### What is being asked:
Repeat the records below verbatim, and do not copy their pictures.

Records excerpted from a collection
================
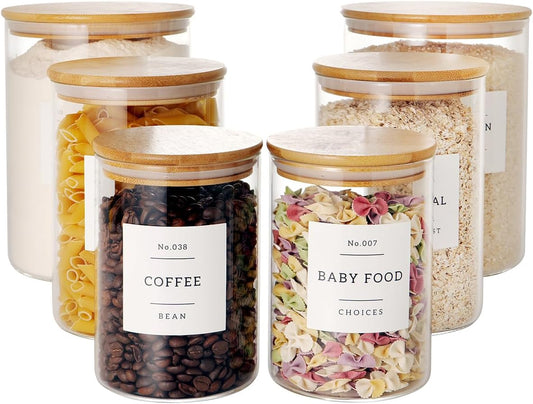 CZZGSM Set of 6 Glass Flour and Sugar jars with 132 Kitchen Pantry Labels - Thicken Large Glass Storage containers with Airtight Bamboo Lid - Glass Rice Canisters for Salt Coffee(100OZ\/54OZ\/27OZ)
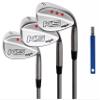 Majek Golf +3 inch over Ultra Big & Tall Senior Men's Wedge Set: 52 Gap (GW), 56 Sand (SW), 60 Lob (LW) (Tall 6'6"+ / +3"Over) with Premium Men's Arthritic Grip + Free Wedge Groove Sharpener (Blue) view 1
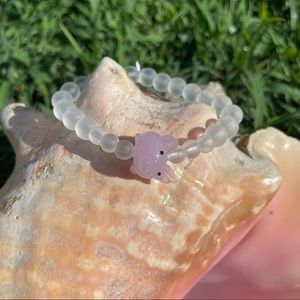 Handmade Matte Clear Glass Pig Bracelet
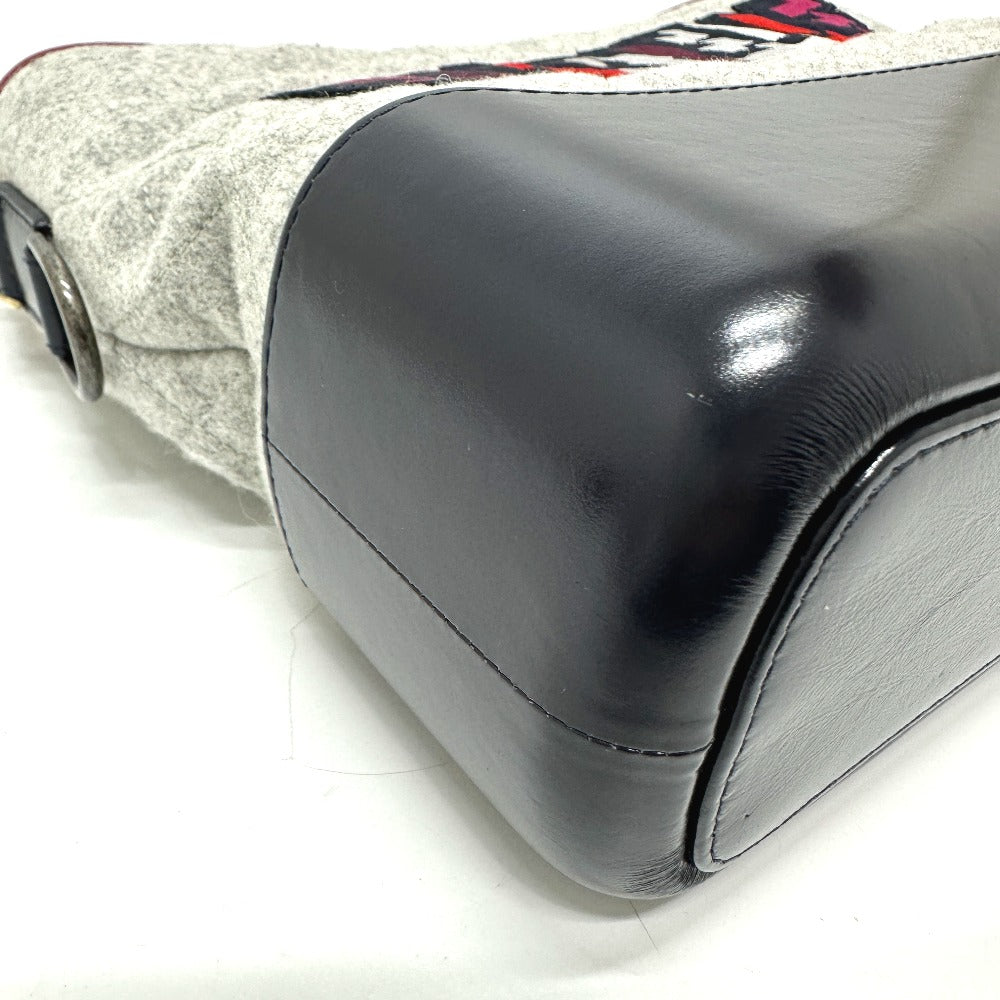 CHANEL Shoulder Bag Calfskin, Wool gray CC COCO Mark Gabriel Do logo Women Used Authentic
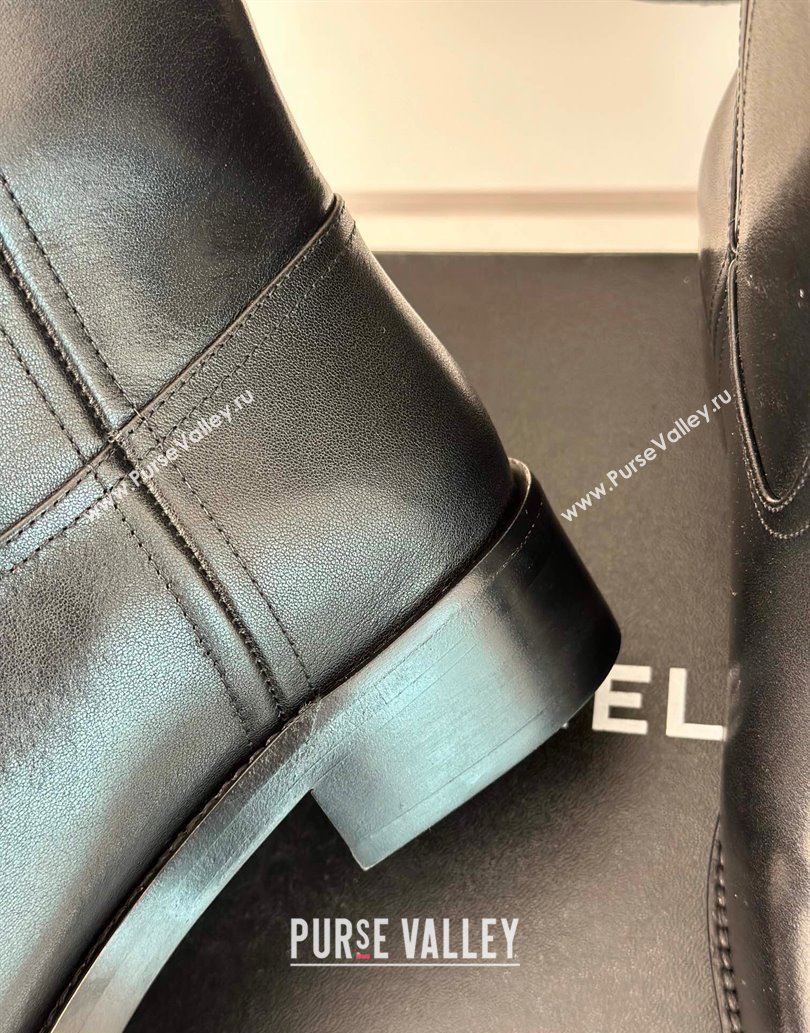 Chanel Heel 3cm CC Logo Calfskin Rider Ankle Boots Black 2024 (clf-23120603)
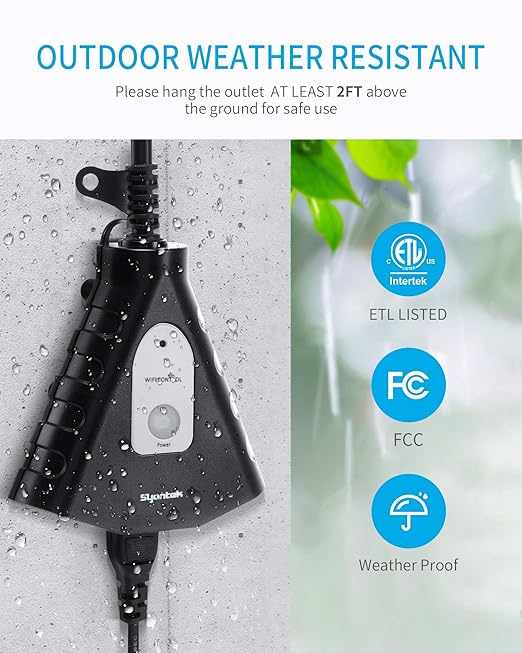 Syantek Outdoor WiFi Outlet, Outdoor Plug with 3 Ground Outlets, Compatible with Amazon Alexa, Google Assistant, Remote Control Outdoor Light Timer Outlet Waterproof, FCC Certified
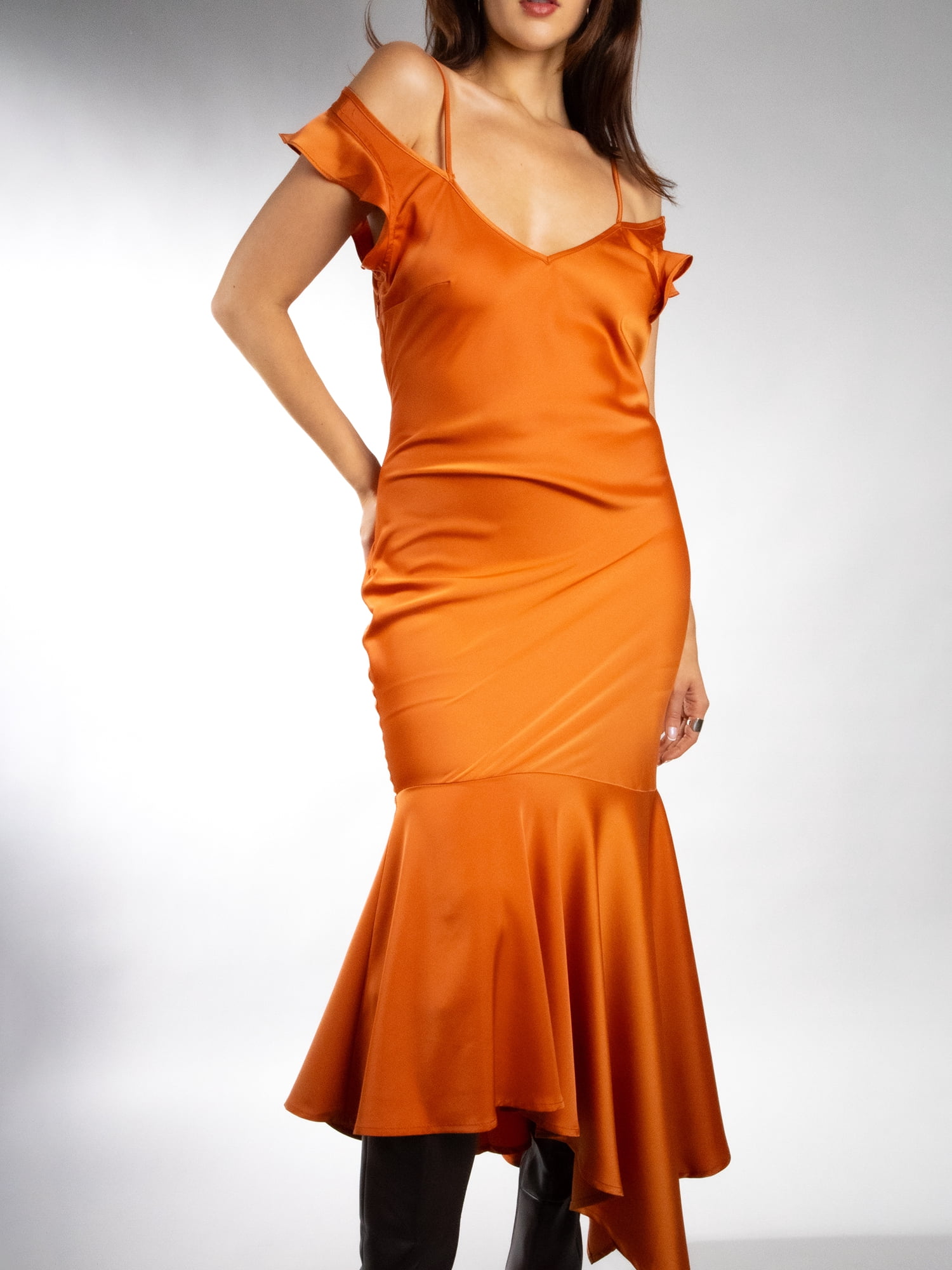 DARING DIVA Women's Stylish Asymmetrical Butterfly Sleeve Slip Dress XL Pumpkin Orange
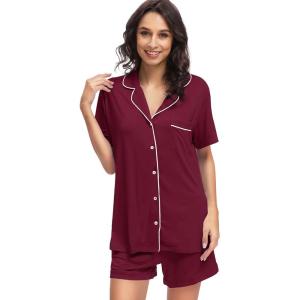 image:imageWiWi Soft Pajamas Set for Women Button Down Short Pajama Sets Plus Size Pjs Sleepwear Viscose from Bamboo S4XAwine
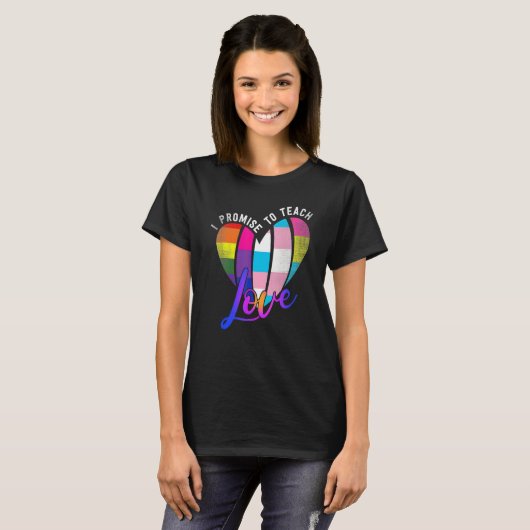 Ik beloof dat ik LGBT Q Pride Proud Ally T-shirt (Voorkant volledig)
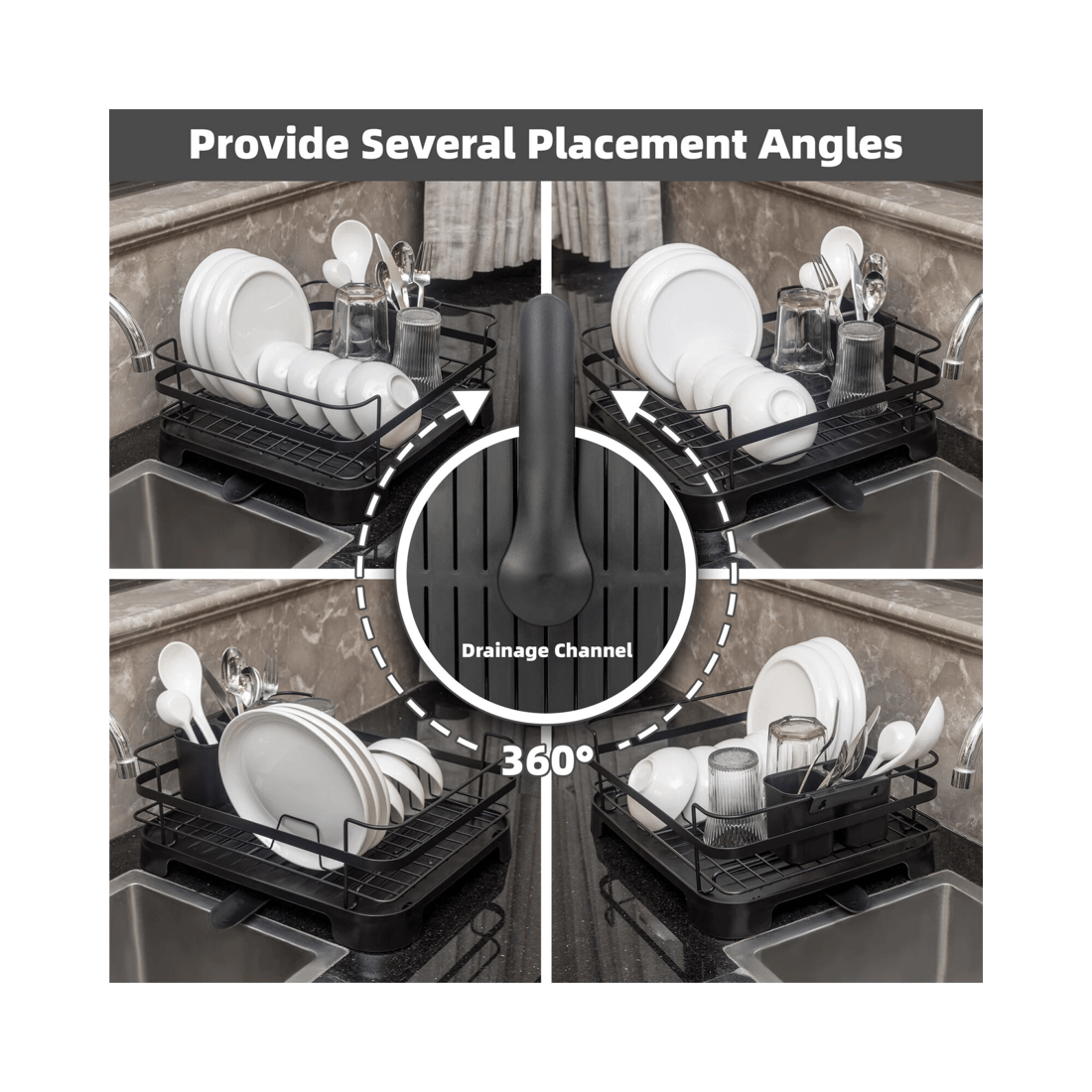 5 Hacienda Steel Frame Dish Drying Rack Durable Steel Frame, Removable Utensil Holder, Compact Size For Small Kitchens, 5 of 6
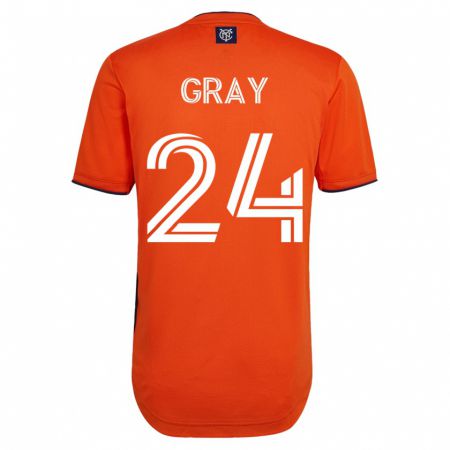 Kandiny Homme Maillot Tayvon Gray #24 Noir Tenues Extérieur 2023/24 T-Shirt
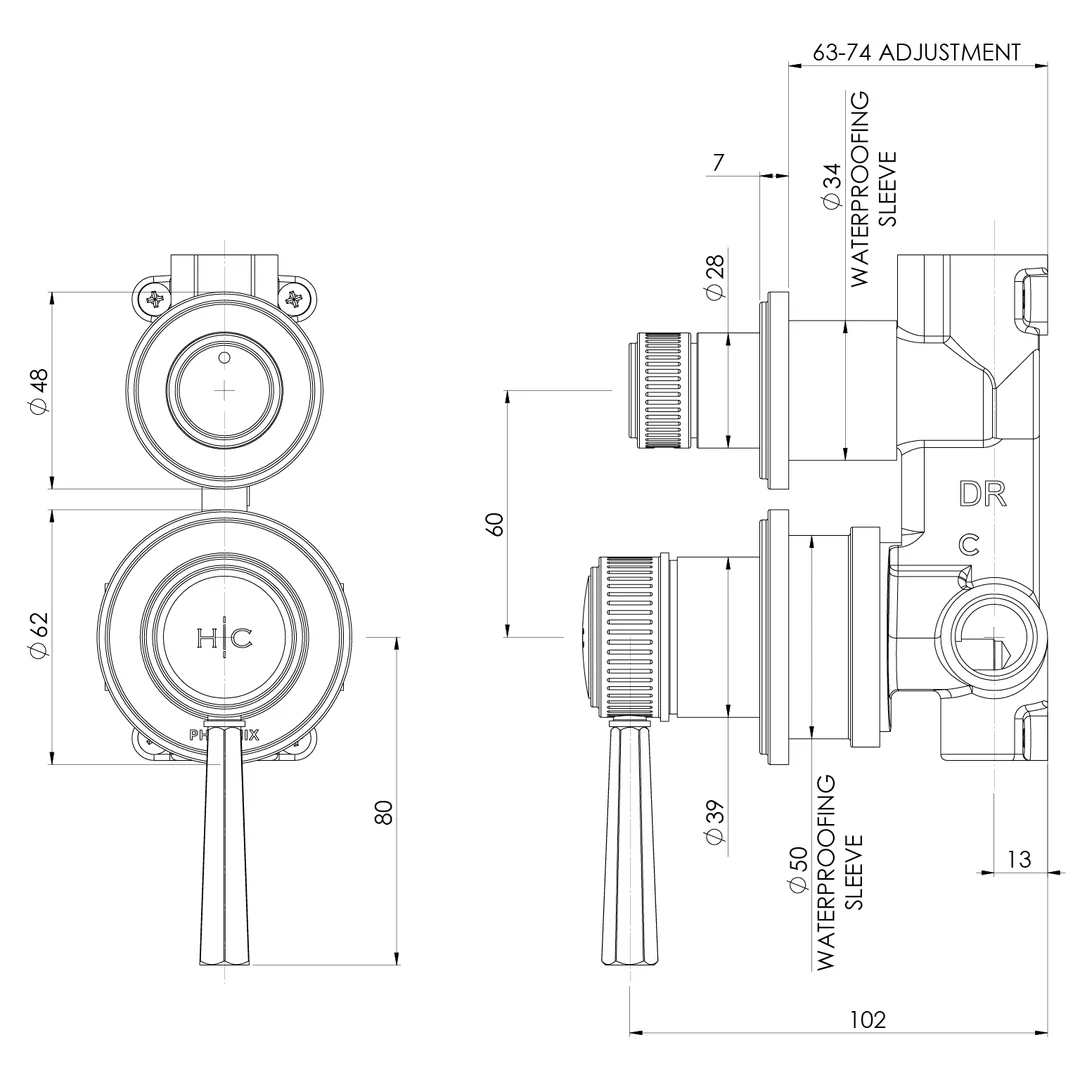 Phoenix Wiltern Switchmix Shower / Bath Diverter Mixer Fit-Off Kit Chrome - Image 2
================
### Worked solution:
 CZZGSM Set of 6 Glass Flour and Sugar jars with 132 Kitchen Pantry Labels - Thicken Large Glass Storage containers with Airtight Bamboo Lid - Glass Rice Canisters for Salt Coffee(100OZ\/54OZ\/27OZ)
 Majek Golf +3 inch over Ultra Big & Tall Senior Men's Wedge Set: 52 Gap (GW), 56 Sand (SW), 60 Lob (LW) (Tall 6'6"+ / +3"Over) with Premium Men's Arthritic Grip + Free Wedge Groove Sharpener (Blue) view 1
 Handmade Matte Clear Glass Pig Bracelet
 CHANEL Shoulder Bag Calfskin, Wool gray CC COCO Mark Gabriel Do logo Women Used Authentic
 Chanel Heel 3cm CC Logo Calfskin Rider Ankle Boots Black 2024 (clf-23120603)
 Syantek Outdoor WiFi Outlet, Outdoor Plug with 3 Ground Outlets, Compatible with Amazon Alexa, Google Assistant, Remote Control Outdoor Light Timer Outlet Waterproof, FCC Certified
 DARING DIVA Women's Stylish Asymmetrical Butterfly Sleeve Slip Dress XL Pumpkin Orange
 image:imageWiWi Soft Pajamas Set for Women Button Down Short Pajama Sets Plus Size Pjs Sleepwear Viscose from Bamboo S4XAwine
 Ik beloof dat ik LGBT Q Pride Proud Ally T-shirt (Voorkant volledig)
 5 Hacienda Steel Frame Dish Drying Rack Durable Steel Frame, Removable Utensil Holder, Compact Size For Small Kitchens, 5 of 6
 Kandiny Homme Maillot Tayvon Gray #24 Noir Tenues Extérieur 2023/24 T-Shirt
 Phoenix Wiltern Switchmix Shower / Bath Diverter Mixer Fit-Off Kit Chrome - Image 2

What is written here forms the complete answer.